Monocytose : différencier origine réactionnelle et LMMC

Une monocytose correspond à un nombre de monocytes circulants ≥ 1 G/L. Une telle monocytose est présente dans environ 5 % des hémogrammes.

Elles sont essentiellement réactionnelles mais peuvent correspondre à de vraies hémopathies représentées par les leucémies myélomonocytaires chroniques (LMMC). Certaines néoplasies myéloprolifératives ont aussi une composante monocytaire.

La LMMC a été initialement classée au sein des syndromes myélodysplasiques (FAB 1976), puis en forme frontière Syndromes Myélodysplasiques/Myéloprolifératifs (SMD/SMP) depuis la version 2001 de la classification OMS.

La LMMC est le chef de file des SMD/SMP avec une composante proliférative : monocyte et granuleux et une composante dysplasique inconstante mais pouvant toucher les autres lignées.

Son incidence de 0,4/100 000 habitants est vraisemblablement sous-estimée.

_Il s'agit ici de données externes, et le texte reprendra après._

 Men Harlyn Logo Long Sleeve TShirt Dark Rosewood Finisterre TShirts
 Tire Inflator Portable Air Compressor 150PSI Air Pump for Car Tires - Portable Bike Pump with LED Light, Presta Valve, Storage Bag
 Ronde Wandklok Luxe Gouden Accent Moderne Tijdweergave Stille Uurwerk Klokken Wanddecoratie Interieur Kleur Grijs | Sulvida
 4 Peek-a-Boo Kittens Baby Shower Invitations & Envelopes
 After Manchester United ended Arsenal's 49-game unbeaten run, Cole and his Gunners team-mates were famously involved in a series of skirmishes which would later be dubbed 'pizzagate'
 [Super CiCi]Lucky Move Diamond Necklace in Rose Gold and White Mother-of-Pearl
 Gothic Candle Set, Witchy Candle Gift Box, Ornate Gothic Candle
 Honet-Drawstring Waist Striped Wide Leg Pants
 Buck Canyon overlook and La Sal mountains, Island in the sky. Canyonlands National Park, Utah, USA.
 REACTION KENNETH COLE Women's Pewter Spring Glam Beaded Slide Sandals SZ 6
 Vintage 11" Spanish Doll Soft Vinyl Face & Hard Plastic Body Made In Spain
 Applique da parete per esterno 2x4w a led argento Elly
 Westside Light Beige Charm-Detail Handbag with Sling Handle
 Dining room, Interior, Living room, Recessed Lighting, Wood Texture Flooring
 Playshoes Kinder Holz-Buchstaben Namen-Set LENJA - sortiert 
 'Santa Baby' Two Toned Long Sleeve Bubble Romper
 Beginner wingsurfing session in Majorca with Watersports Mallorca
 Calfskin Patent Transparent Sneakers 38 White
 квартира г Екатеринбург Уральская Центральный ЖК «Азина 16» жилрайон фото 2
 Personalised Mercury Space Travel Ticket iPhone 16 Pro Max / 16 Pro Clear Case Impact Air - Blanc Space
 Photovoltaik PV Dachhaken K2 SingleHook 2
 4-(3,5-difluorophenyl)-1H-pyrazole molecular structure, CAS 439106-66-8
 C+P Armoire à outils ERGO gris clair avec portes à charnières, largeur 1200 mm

Son diagnostic, réalisé le plus souvent vers 70 ans, est fréquemment fortuit ou suspecté devant des symptômes consécutifs à une cytopénie ou une altération de la réponse immunitaire (manifestations auto-immunes) avec parfois des signes généraux comme une splénomégalie ou une atteinte cutanée.

Quels critères ?

En 2017, l'OMS a redéfini les critères de la LMMC qui dataient de 2008.

Au niveau biologique sanguin, la monocytose doit être ≥ 1 G/L ET ≥ 10 % parfois associée à une polynucléose neutrophile +/- myélémie < 10 %.

Une anémie est fréquente, normo ou macrocytaire, une thrombopénie est retrouvée dans 50 % des cas. On peut rencontrer des signes de dysgranulopoïèse associés ou non à une dystrophie monocytaire.

On retrouve également une blastose incluant blastes et promonocytes < 20 %.

Au niveau du myélogramme, la dysmyélopoïèse peut toucher les 3 lignées. Une monocytose médullaire ≥ 5 % est habituellement retrouvée. La blastose incluant les promonocytes est < 20 %.

Les critères d'exclusion sont les leucémies myéloïdes chroniques (LMC) BCR-ABL1+, les myélofibroses primitives (PMF), les polyglobulies primitives (PV), les thrombocytémies essentielles (TE) et les réarrangements PDGFR ou FGFR et PCM1-JAK2 en cas d’hyperéosinophilie.
La dysplasie touche au moins 1 lignée myéloïde. Elle n'est pas obligatoire en cas d’anomalies clonales ou de monocytose persistante ≥ 3 mois.

Les sous classes sont désormais divisées en 3 (versus 2 en 2008): LMMC-0 ; LMMC-1 ; LMMC-2.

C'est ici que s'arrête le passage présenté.